È sopratutto il voto di lista a far comprendere la portata della frenata leghista: due anni fa, quando Maurizio Fugatti venne eletto presidente della Provincia, il partito di Salvini a Trento città prendeva il 23,3%. Oggi la lista del Carroccio sfiora appena il 14 per cento. Il Pd invece regge, confermando di fatto il 18% preso due anni fa.

“Erano in ballo due idee di città per un’elezione sì amministrativa, ma che è anche stata un’elezione politica”, ha detto Ianeselli dopo l’elezione spiegando che “da una parte c’è che chi ha giocato costantemente sulla paura, addirittura era diventata la paura del sindacalista”. Gli avversari, ha aggiunto, “hanno costantemente detto che Trento è una città allo sbando, una città al collasso, hanno detto qualcosa che non è nel cuore dei trentini”.

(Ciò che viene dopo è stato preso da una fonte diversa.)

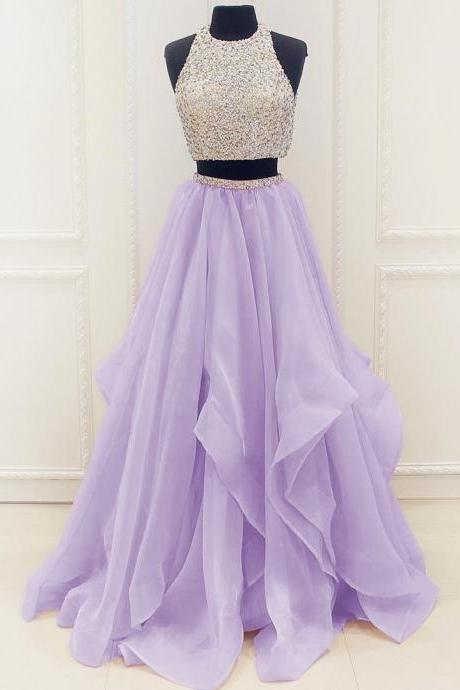 Sexy Beaded Two Pieces Lavender Tulle Long Prom Dress Custom Made Women Party Gowns ,a Line Long Prom Dresses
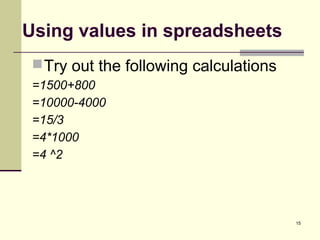 15
Using values in spreadsheets
Try out the following calculations
=1500+800
=10000-4000
=15/3
=4*1000
=4 ^2
 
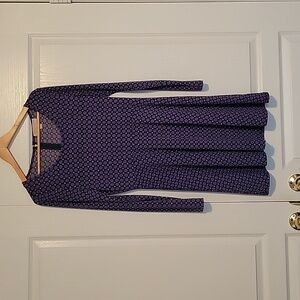 Michael Kors Long Sleeve Fitted Dress Purple and Navy Pattern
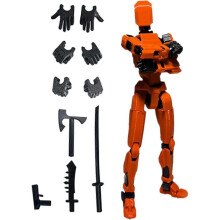 (Orange) T13 Action Figure, Robot Action Figure, 3D Printed with Full Articulation, Desk Decoration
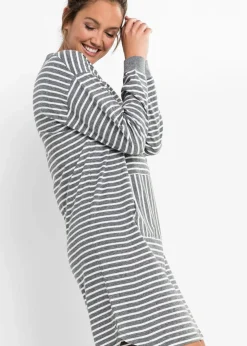 bonprix Wäsche·Nachtwäsche|Nachhaltigere Materialien|Nachthemd mit Bio-Baumwolle grau meliert/wollweiß gestreift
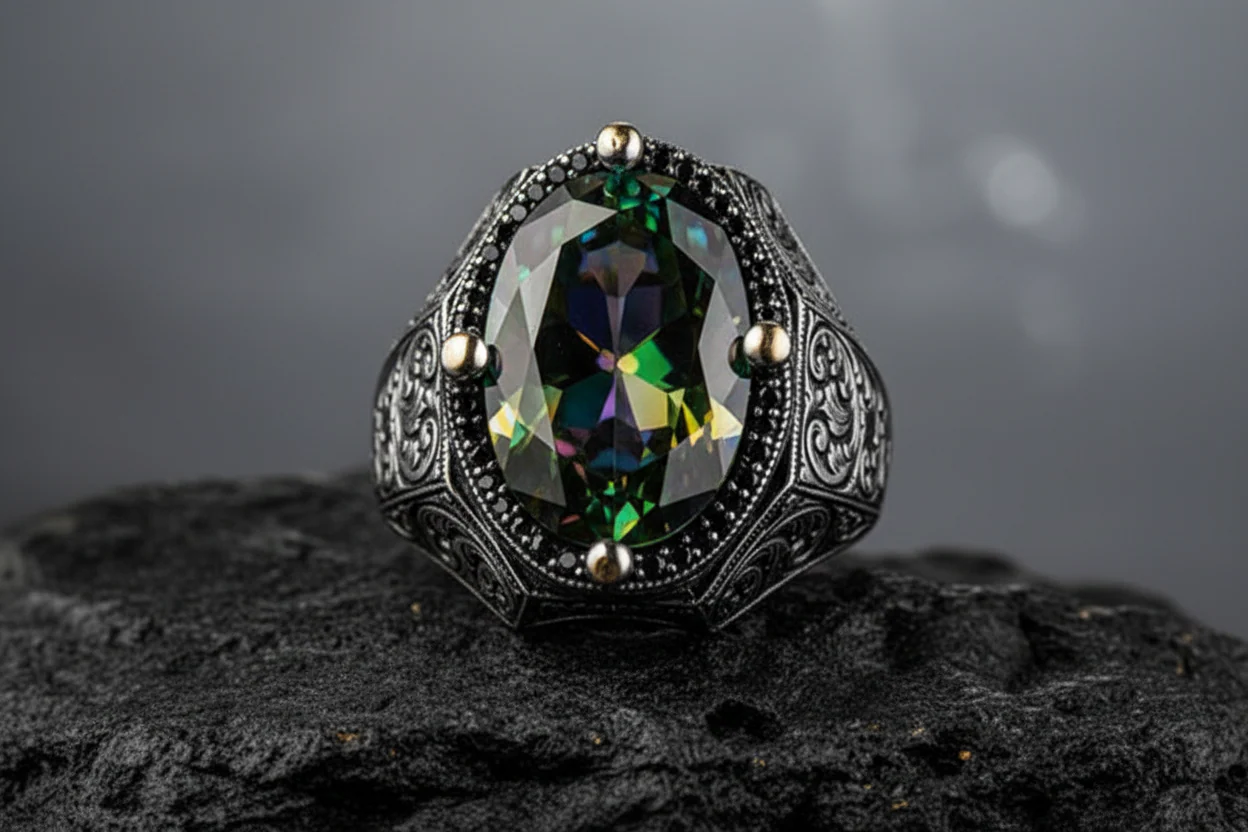 RARE PRINCE by CARAT SUTRA | Unique Designed Turkish Style Heavy Ring with Multicolored Alexandrite | 925 Sterling Silver Oxidized Ring | Men's Jewelry | With Certificate of Authenticity and 925 Hallmark - Image 6
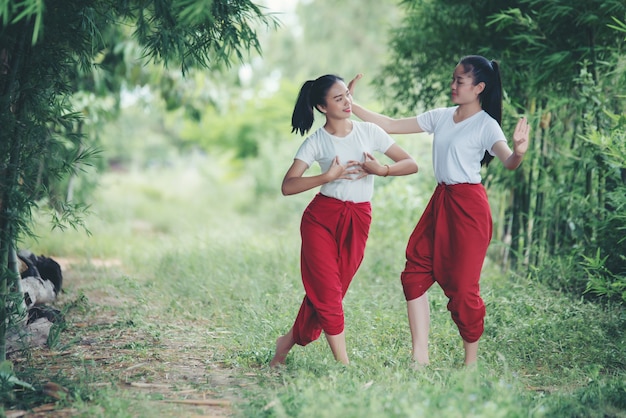 Portrait of Thai young lady in Art culture Thailand Dancing, Thailand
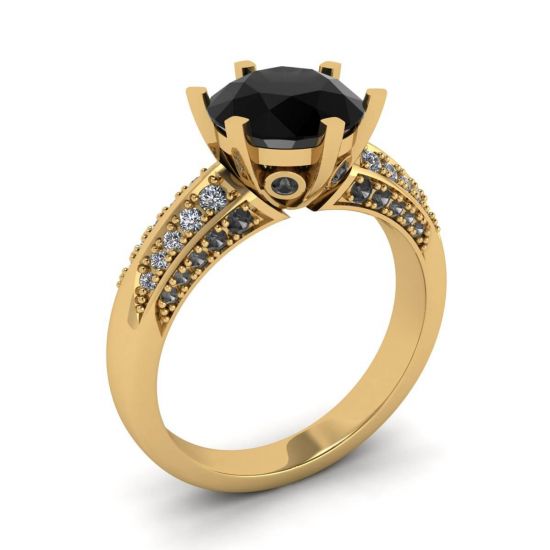 Diamante negro de 6 puntas con anillo pavé de dos colores en oro amarillo,  Ampliar imagen 4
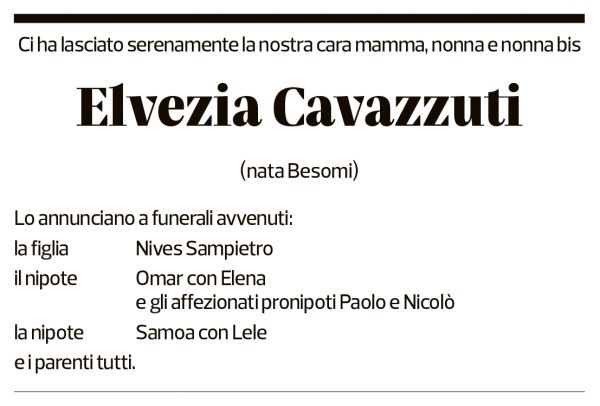 Annuncio funebre Elvezia Cavazzuti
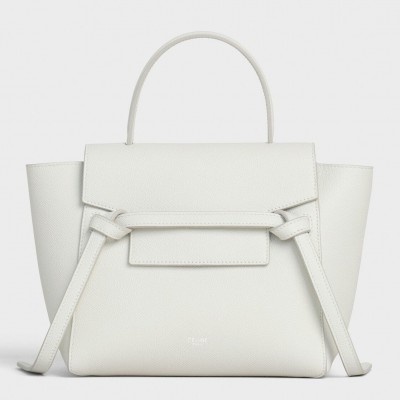 Celine Belt Nano Bag In White Grained Calfskin CCBS24038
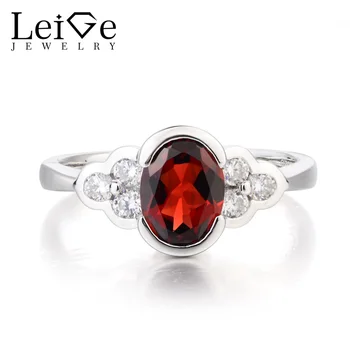 

Leige Jewelry Garnet Wedding Ring Natural Garnet Ring January Birthstone Oval Cut Red Gemstone Real 925 Sterling Silver for Her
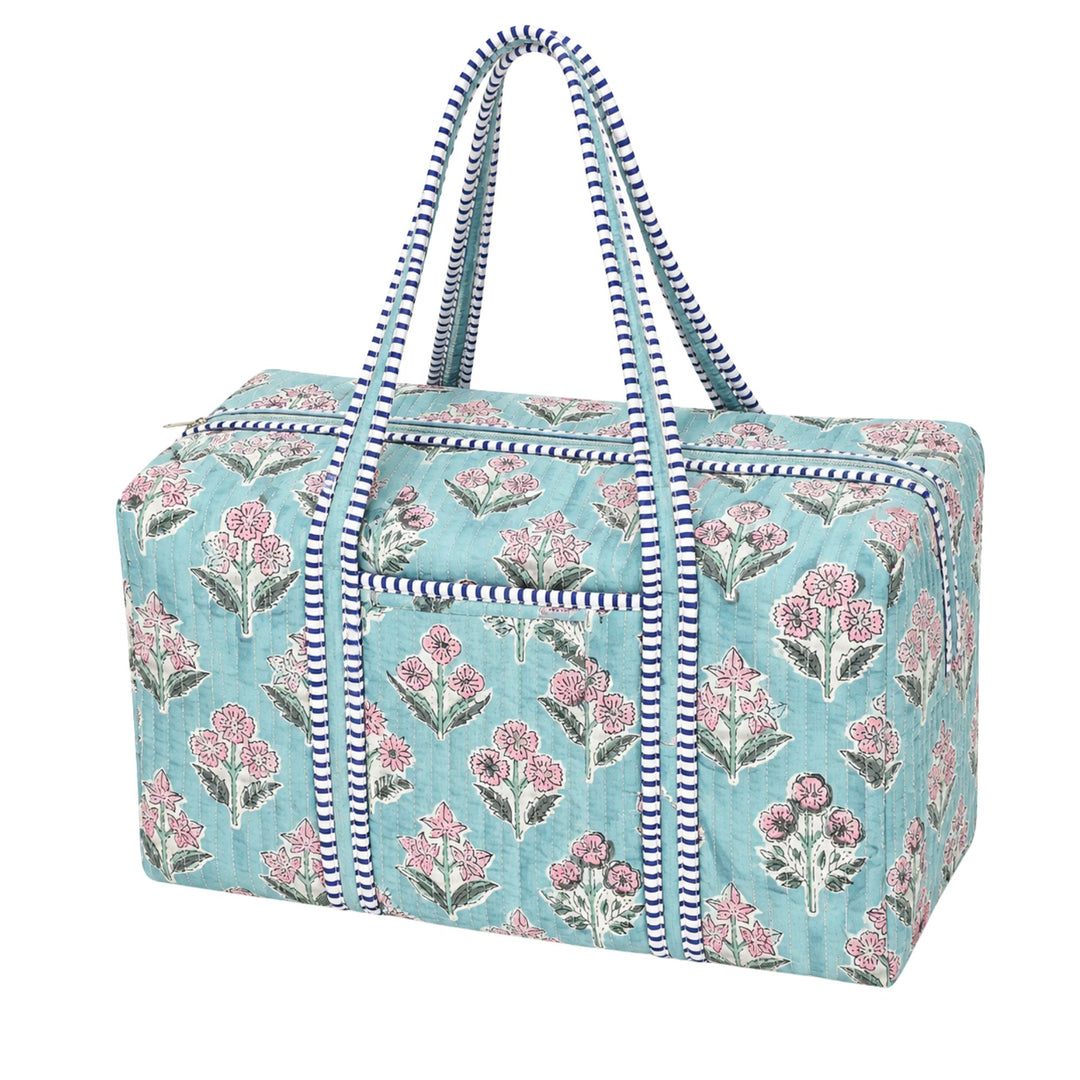 Queens Designs Quilted Duffle Bag - Blue Floral Vine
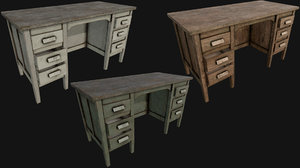 old office table pbr 3D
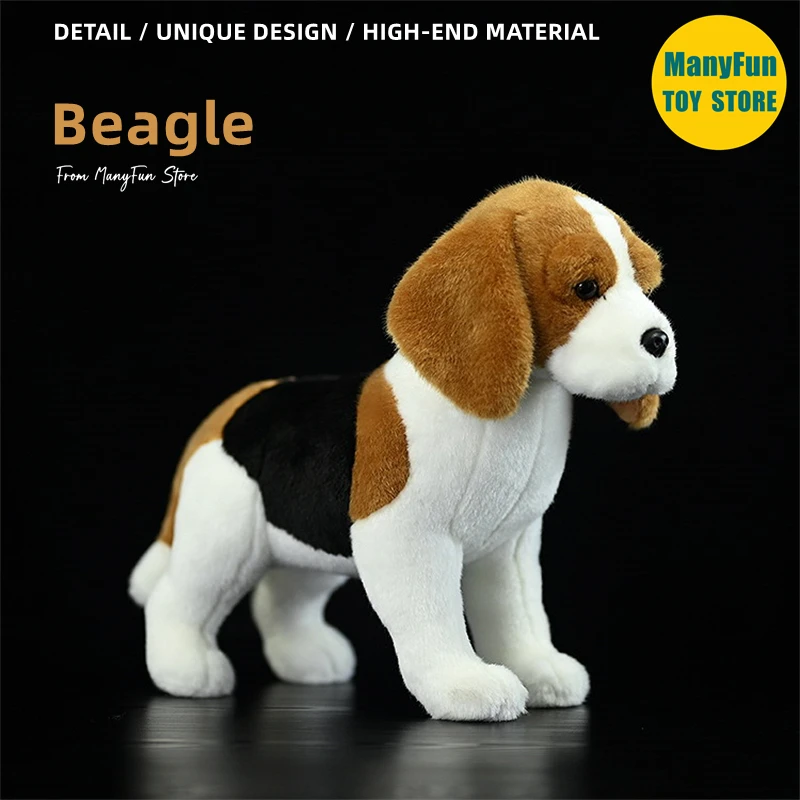 Beagle Dog Plush Toy High Fidelity Harrier Plushie Hound Dog Peluche Lifelike Dogs Stuffed Animals Toys Gifts For Kids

Ianeselli ha quindi criticato frontalmente il Carroccio: “Per nove mesi ho ricevuto attacchi di ogni tipo, con candidati leghisti che mi hanno definito un piccolo uomo, con quei manifesti orribili affissi in città in maniera illegale il giorno del voto”. Ma, ha concluso, “se qualcuno pensava che i trentini si lasciassero convincere da chi ha agitato paure e spettri che non ci sono, beh i trentini hanno dato la risposta che vediamo e che ci rende orgogliosi”.

L’arretramento nelle urne registrato a Trento è stato simile anche a Bolzano: nel 2018 alle provinciali la Lega era primo partito con il 27,8%, riuscendo anche nell’impresa di battere la Svp con cui oggi governa in Provincia. Nella stessa città due anni dopo si andrà al ballottaggio tra il sindaco uscente del centrosinistra Renzo Caramaschi e Roberto Zanin, candidato del centrodestra. La lista della Lega ha dimezzato il proprio consenso passando al 13,4%. Il Pd, con il 12,7%, è rimasto più indietro ma ha migliorato di qualche punto percentuale il risultato di due anni fa.

“E pensare che Salvini è venuto a Bolzano per dire che avrebbero vinto al primo turno e che avrebbero asfaltato la città”, commenta Caramaschi. Il 74enne punta ora sul sostegno della Svp. “La Volkspartei può appoggiarmi convintamente al ballottaggio, anche perché abbiamo collaborato bene in questi anni”, ha aggiunto il sindaco. Zanin si dice comunque soddisfatto: “Andiamo al ballottaggio da una posizione di parità, una bellissima sfida che appassionerà tutti”.